A lack of dedicated curriculum modules on Welsh law could result in few practitioners knowing how laws of England and Wales diverge, the government has been warned. The danger was highlighted by an independent advisory committee set up under the Wales Act 2017 in its first report to the lord chancellor, published today.
The report states that Welsh legal education and training providers now offer Welsh-focused content, but 'very few providers in England and Wales have dedicated modules covering Welsh law. Therefore, there is a risk that in a continuously diverging landscape, a significant proportion of practitioners will be unaware of the divergence between laws made in England and laws made in Wales'.

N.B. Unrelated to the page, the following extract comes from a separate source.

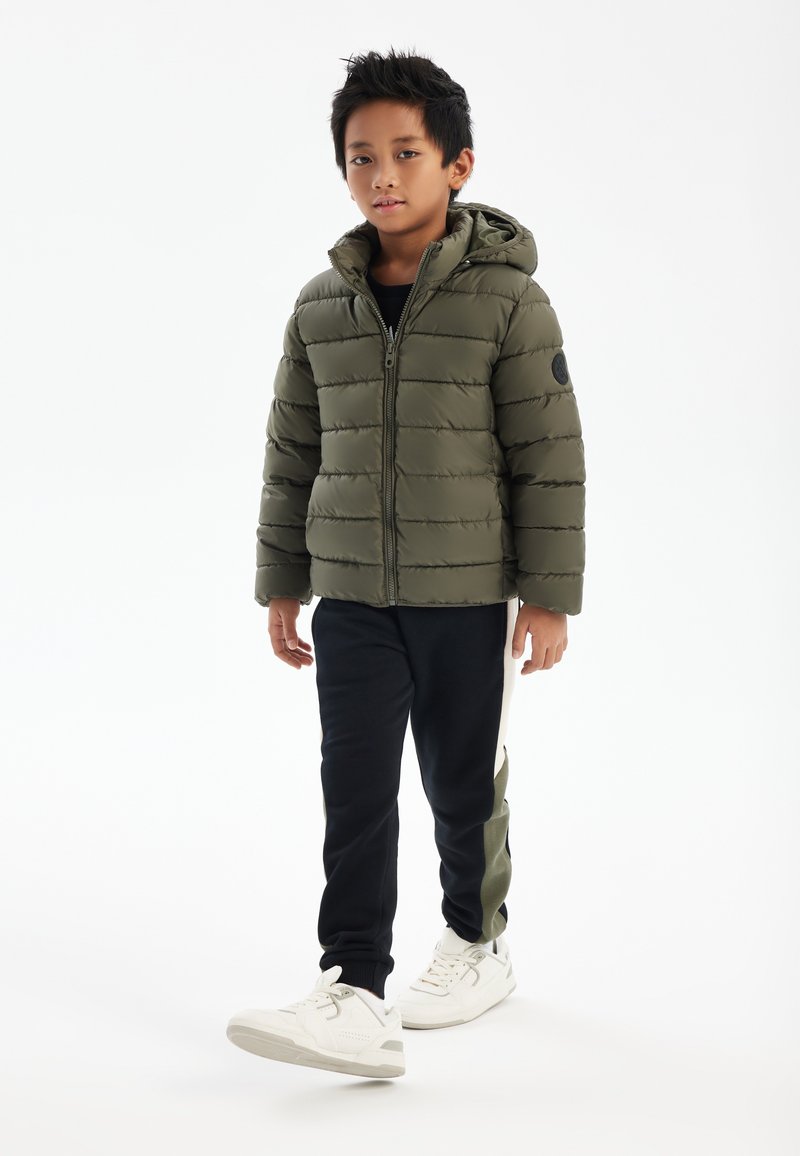 Veste rembourrée verte avec capuche, fermeture éclair et design matelassé. Associée à un pantalon noir avec une bande d'accent verte et des baskets blanches.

The definition of homelessness was highlighted as an example where divergence affected legal aid provision. In 2015, the Housing (Wales) Act 2014 introduced a new definition, applying to anyone threatened with homelessness within 56 days; in England it was 28 days. 'This application of the definition of homelessness meant access to legal aid in this area was available to people in Wales 28 days before those in England and the internal assessment procedures, as well as that of providers of legal aid (solicitors) needed to reflect that,' the report says. The Homelessness Reduction Act 2017 revised the definition to 56 days for England.
The committee recommends that the Ministry of Justice and the Welsh Government consider working with the Law Society and Bar Council to ensure legal education providers adapt their courses.
Elsewhere, the committee says divergence has significantly affected court IT systems, which already need to operate differently. The most prominent example, the committee says, is changes to HM Courts & Tribunals Service's online portal for possession claims.
'As a result of the Renting Homes (Wales) Act 2016, there is a slightly different pathway for landlords claiming possession in Wales compared to England. Users of the online system should expect to see some different forms if they are using it for cases in Wales. The development of the system to cope with this difference is both costly and time-consuming and this will need to be considered each time legislation changes the way any of HMCTS' systems operate.'
Members of the committee include representatives of the Cabinet office, judiciary in Wales, Judicial Office, Welsh Government, Law Society, Bar Council, HMCTS and Ministry of Justice.
The ministry said it welcomed the committee's recommendations.